> _REQUIRED ACTION_: Once the line with "天风证券大智慧的简单介绍" is found in the entries below, print it and each following line exactly, stopping after the line with "five fingers gloves"; print nothing else.

(Collection entries)
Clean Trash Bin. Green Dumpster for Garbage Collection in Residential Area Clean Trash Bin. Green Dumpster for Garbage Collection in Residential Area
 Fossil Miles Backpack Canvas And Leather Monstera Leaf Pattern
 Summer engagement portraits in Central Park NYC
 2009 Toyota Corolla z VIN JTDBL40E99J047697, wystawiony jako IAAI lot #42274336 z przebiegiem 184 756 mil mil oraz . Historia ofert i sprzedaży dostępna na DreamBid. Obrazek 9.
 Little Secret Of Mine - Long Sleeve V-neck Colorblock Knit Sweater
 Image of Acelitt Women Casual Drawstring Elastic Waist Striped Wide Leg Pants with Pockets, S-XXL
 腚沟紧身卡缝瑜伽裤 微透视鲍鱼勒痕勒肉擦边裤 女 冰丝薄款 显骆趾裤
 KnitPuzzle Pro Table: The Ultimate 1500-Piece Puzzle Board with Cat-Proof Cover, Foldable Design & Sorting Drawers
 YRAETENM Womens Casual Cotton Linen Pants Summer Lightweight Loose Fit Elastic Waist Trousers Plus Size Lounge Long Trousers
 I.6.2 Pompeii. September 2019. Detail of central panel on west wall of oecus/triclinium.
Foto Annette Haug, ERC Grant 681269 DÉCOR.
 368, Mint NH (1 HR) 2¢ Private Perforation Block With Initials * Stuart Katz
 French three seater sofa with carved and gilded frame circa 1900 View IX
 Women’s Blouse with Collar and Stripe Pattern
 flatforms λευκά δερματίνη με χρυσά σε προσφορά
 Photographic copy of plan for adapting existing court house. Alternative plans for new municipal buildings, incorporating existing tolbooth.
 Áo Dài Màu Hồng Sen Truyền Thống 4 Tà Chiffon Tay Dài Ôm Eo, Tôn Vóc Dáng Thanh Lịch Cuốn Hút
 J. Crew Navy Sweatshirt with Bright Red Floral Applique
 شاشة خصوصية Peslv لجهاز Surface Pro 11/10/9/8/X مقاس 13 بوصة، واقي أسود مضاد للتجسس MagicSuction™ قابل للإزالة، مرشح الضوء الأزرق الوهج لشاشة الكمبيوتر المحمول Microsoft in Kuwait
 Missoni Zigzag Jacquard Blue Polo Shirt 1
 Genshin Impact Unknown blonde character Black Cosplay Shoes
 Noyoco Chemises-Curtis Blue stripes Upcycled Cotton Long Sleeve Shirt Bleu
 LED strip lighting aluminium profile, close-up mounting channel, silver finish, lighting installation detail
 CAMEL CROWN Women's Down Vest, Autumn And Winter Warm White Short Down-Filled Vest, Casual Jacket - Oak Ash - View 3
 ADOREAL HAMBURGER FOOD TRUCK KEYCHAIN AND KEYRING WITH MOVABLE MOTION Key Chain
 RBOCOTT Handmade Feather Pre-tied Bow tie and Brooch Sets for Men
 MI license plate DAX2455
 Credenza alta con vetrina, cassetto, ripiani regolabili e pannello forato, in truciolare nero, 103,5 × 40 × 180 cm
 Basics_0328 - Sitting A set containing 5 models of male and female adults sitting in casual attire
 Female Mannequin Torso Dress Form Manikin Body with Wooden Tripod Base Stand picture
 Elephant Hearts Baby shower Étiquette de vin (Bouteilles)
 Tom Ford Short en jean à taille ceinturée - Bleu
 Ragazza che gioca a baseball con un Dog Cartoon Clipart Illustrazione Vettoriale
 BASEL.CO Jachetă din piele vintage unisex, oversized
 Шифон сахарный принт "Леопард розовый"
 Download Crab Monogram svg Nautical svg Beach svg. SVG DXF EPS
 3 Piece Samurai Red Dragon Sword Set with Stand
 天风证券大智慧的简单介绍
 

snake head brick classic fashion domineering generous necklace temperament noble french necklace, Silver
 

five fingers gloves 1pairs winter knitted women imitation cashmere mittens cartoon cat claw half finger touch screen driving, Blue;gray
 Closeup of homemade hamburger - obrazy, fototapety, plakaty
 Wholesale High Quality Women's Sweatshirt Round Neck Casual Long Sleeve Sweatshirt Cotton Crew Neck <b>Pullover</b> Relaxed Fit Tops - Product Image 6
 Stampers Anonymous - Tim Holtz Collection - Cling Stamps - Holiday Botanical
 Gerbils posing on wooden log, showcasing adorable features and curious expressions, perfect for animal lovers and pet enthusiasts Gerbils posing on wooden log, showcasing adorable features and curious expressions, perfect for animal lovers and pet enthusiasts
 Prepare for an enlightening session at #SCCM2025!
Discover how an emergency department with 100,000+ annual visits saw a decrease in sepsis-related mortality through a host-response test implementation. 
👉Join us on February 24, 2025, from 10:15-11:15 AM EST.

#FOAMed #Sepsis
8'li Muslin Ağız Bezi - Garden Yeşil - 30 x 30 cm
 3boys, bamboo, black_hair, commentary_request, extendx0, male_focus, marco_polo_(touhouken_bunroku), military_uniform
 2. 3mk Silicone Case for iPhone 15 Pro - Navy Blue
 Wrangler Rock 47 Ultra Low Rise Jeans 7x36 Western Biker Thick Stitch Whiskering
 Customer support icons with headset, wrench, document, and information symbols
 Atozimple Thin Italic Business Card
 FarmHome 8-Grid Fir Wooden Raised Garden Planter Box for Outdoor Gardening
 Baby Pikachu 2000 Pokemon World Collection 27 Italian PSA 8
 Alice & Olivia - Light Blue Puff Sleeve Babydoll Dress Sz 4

> _ANSWER SECTION_:
 天风证券大智慧的简单介绍
 

snake head brick classic fashion domineering generous necklace temperament noble french necklace, Silver
 

five fingers gloves 1pairs winter knitted women imitation cashmere mittens cartoon cat claw half finger touch screen driving, Blue;gray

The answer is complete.